Data driven discovery is the modern trend of science. A plethora of developed models are dedicated in analyzing or assimilating data arising from problems in material science and chemistry to national defense and health. The proposed mini-symposium will focus on the uncertainty of data, and its speakers will discuss techniques of uncertainty quantification, parameter estimation and noise in complex data so that robust, reproducible and convergent results are propagated. By the same token, audience and speakers will benefit from a dynamic set of prominent and auspicious speakers with heterogeneous backgrounds spanning almost the entire spectrum of mathematical sciences, from topology and geometry to statistics and machine learning.
14:00
An Ultra-fast procedure for Learning Discontinuous Functions
Clement Etienam | University of Manchester | United Kingdom
Show details
Authors:
Clement Etienam | University of Manchester | United Kingdom
Kody Law | University of Manchester | United Kingdom
This work presents a method for solving the supervised learning problem in which the output is highly irregular, nonlinear and discontinuous. It is proposed to solve this problem in three steps: (i) cluster the pairs of input-output data points, resulting in a label for each point; (ii) classify the data, where the corresponding label is the output; and finally (iii) perform one separate regression for each class, where the training data corresponds to the subset of the original input-output pairs which have that label according to the classifier.
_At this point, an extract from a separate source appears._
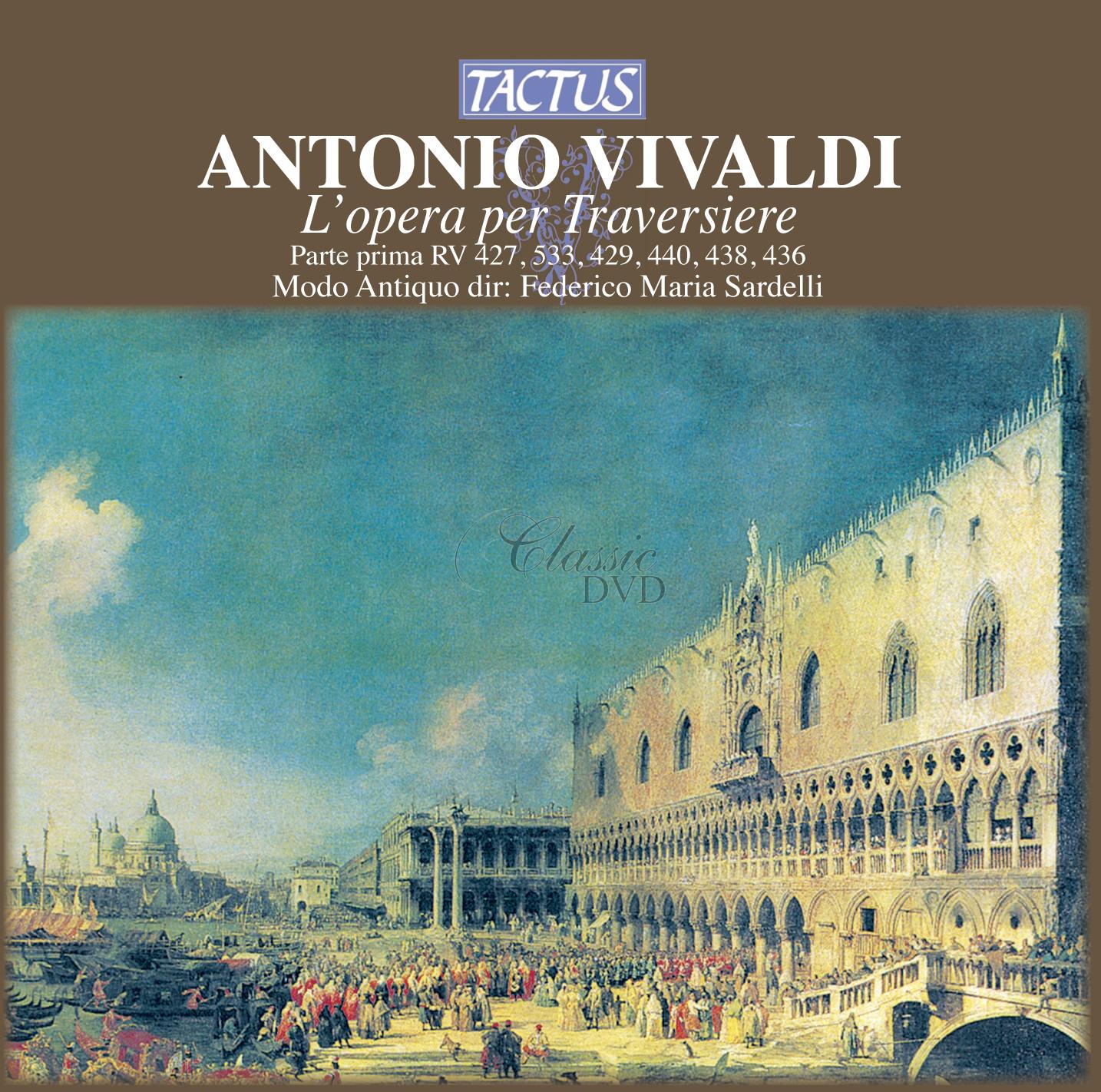 VIVALDI ANTONIO L’Opera per traversiere, concerti RV 427, 533, 438, 429, 436, 440 (CD)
It has not yet been proposed to combine these 3 fundamental building blocks of machine learning in this simple and powerful fashion. This can be viewed as a form of deep learning, where any of the intermediate layers can itself be deep. The utility and robustness of the methodology is illustrated on some toy problems, including one example problem arising from simulation of plasma fusion in a tokamak. We conclude that our method is capable of recovering the underlining unknown function in a quick and elegant manner.
14:30
A Bayesian Nonparametric Model for Longitudinal Data in Sport
Alessandro Lanteri | University of Turin | Italy
Show details
Author:
Alessandro Lanteri | University of Turin | Italy
In sport analytics, there is often interest in predicting elite athlete’s performance at a future sporting event given his/her competitive results tracked throughout the athlete's career and other (time-varying) covariates. Such predictions can be useful both for scouting purposes, and to build red flag indicators of unexpected increases in athlete performance for targeted anti-doping testing. We propose a predictive model for the longitudinal trajectory of athlete’s performance where we characterize the curve with a sparse basis expansion allowing individual time-dependent covariates to impact the shape of the estimated trajectories. Moreover, we introduce random intercepts, distributed according to a nonparametric hierarchical process, in order to induce clustering while borrowing statistical information across curves. In particular, we assume a hierarchical normalized generalized gamma process to grants great flexibility in clustering and accuracy in prediction. We apply our model to a longitudinal study on shot put athletes, where their competitive results are tracked throughout their career.
15:00
Wavelet invariants for statistically robust multi-reference alignment
Anna Little | Michigan State University | United States
Show details
Author:
Anna Little | Michigan State University | United States
This talk discusses a nonlinear, wavelet based signal representation that is translation invariant and robust to both additive noise and random dilations. Motivated by the multi-reference alignment problem and generalizations thereof, the statistical properties of this representation are analyzed given a large number of independent corruptions of a target signal. The nonlinear wavelet based representation uniquely defines the power spectrum but allows for an unbiasing procedure that cannot be directly applied to the power spectrum. After unbiasing the representation to remove the effects of the additive noise and random dilations, we recover an approximation of the power spectrum by solving a convex optimization problem, and thus obtain the target signal up to an unknown phase. Extensive numerical experiments demonstrate the statistical robustness of this approximation procedure.
15:30
Diffusion Geometric Approaches to Active Learning
James Murphy | Tufts University | United States
Show details
Author:
James Murphy | Tufts University | United States
Active learning is the semisupervised machine learning regime in which an algorithm has access to large quantities of unlabeled data, which may be queried for labels. If queried in an intelligent manner, the labeled data produced by an active learning algorithm can be much more potent than a random sample, and the consequent classification algorithm can perform as well as traditional supervised learning, but with far fewer labels. We propose to use the underlying \emph{diffusion geometry} of the data to determine points to query for labels. The approach is fast and enjoys theoretical guarantees on the number of queries needed for a high-accuracy labeling of the entire dataset. In particular, the low-dimensional geometric properties of the data quantify the expected impact of a given label on the overall labeling scheme. The application of this approach to real high-dimensional images yields state-of-the-art classification results.